• Exercise requirements: Repeat the records below verbatim, and do not copy their pictures.
____
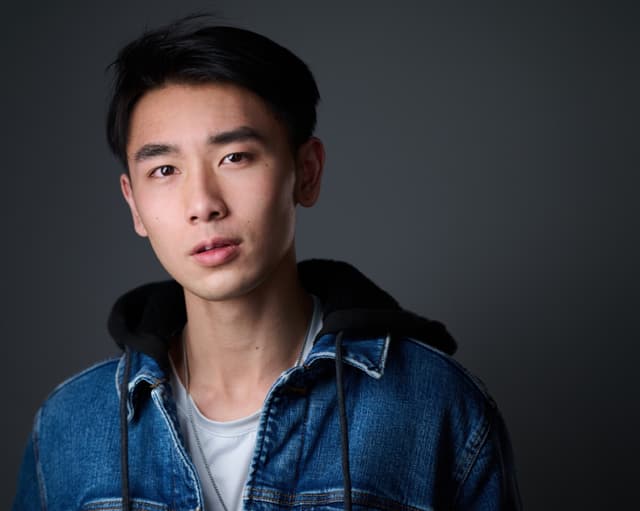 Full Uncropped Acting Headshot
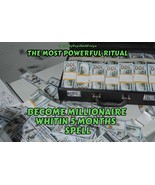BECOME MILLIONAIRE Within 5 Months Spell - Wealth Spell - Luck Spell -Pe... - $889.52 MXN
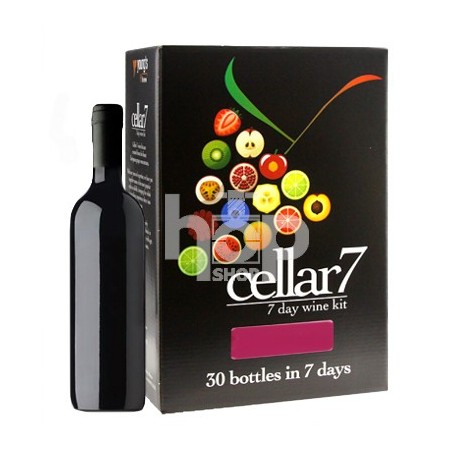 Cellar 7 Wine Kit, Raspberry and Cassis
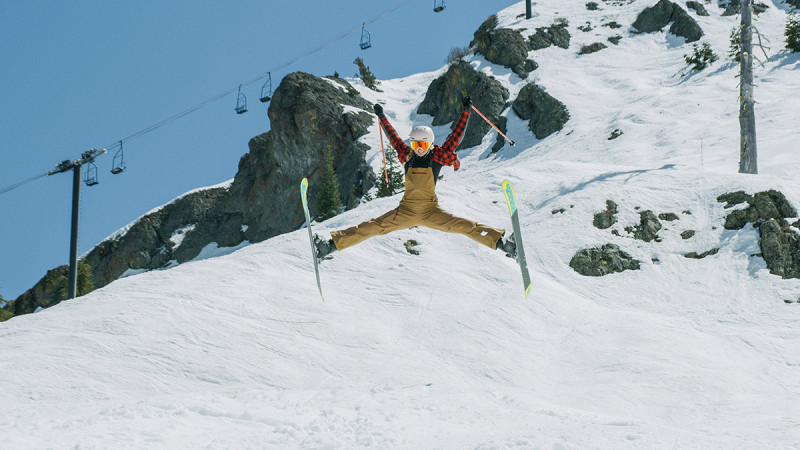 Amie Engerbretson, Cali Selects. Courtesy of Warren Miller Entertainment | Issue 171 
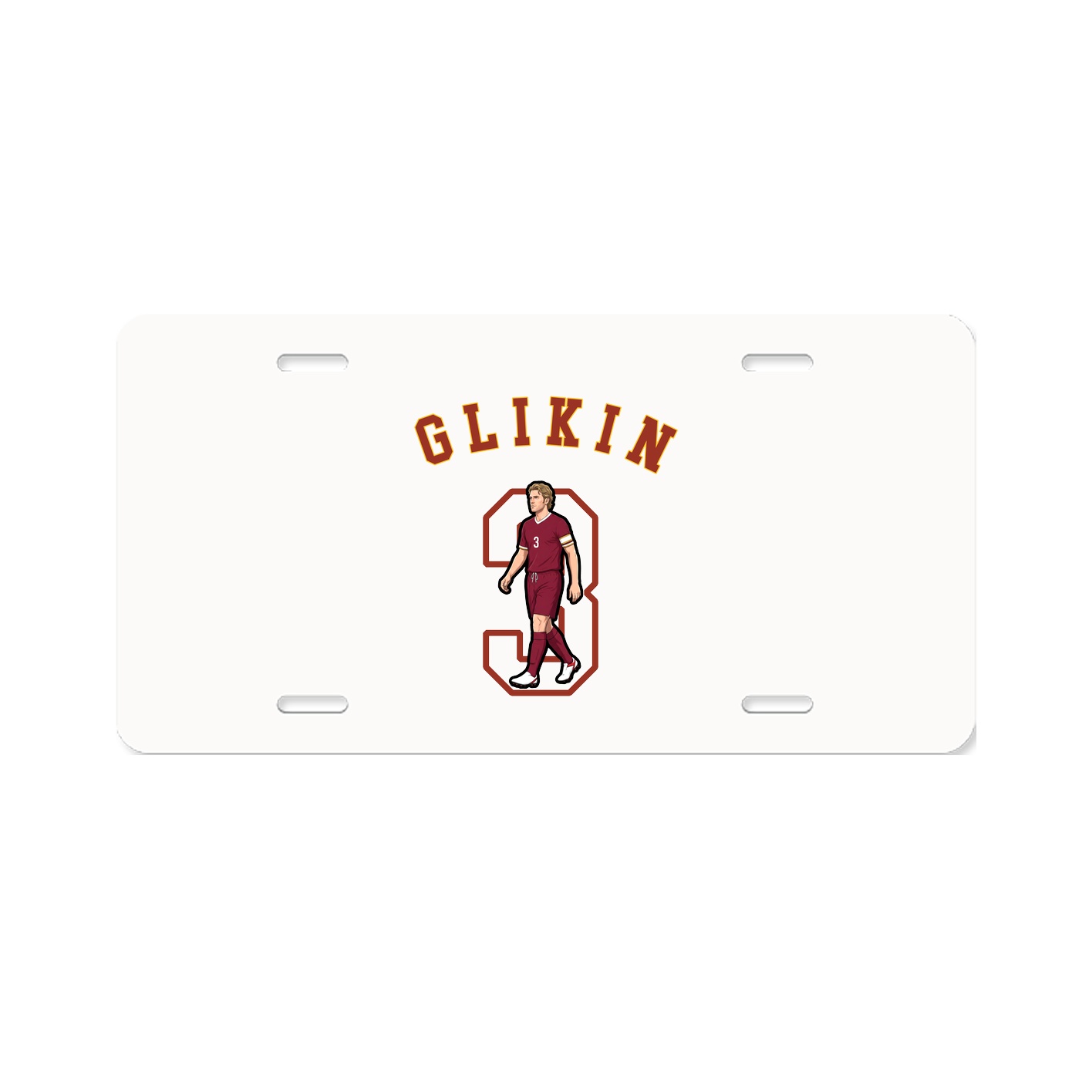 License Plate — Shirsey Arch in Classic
____
• Result of this exercise:
 Full Uncropped Acting Headshot
BECOME MILLIONAIRE Within 5 Months Spell - Wealth Spell - Luck Spell -Pe... - $889.52 MXN
 Cellar 7 Wine Kit, Raspberry and Cassis
 Amie Engerbretson, Cali Selects. Courtesy of Warren Miller Entertainment | Issue 171 
 License Plate — Shirsey Arch in Classic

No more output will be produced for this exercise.